━━ Source data

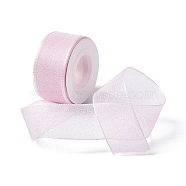 10 Yards Polyester Chiffon Ribbon, for DIY Jewelry Making, Pink, 1- inch(25.5mm)(OCOR-C004-03H)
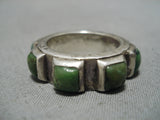 Thick And Heavy!! Vintage Native American Navajo Cerrillos Turquoise Sterling Silver Ring-Nativo Arts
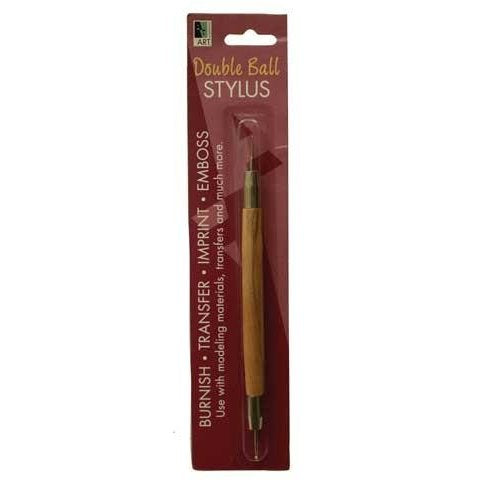 Embossing Tool | Small & Medium Double Ball Stylus with Wooden Handle Double Ball Stylus Embossing Tool Yarn Designers Boutique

━━━━

Give back all the data exactly, minus pictures.

 10 Yards Polyester Chiffon Ribbon, for DIY Jewelry Making, Pink, 1- inch(25.5mm)(OCOR-C004-03H)
 Thick And Heavy!! Vintage Native American Navajo Cerrillos Turquoise Sterling Silver Ring-Nativo Arts
 Embossing Tool | Small & Medium Double Ball Stylus with Wooden Handle Double Ball Stylus Embossing Tool Yarn Designers Boutique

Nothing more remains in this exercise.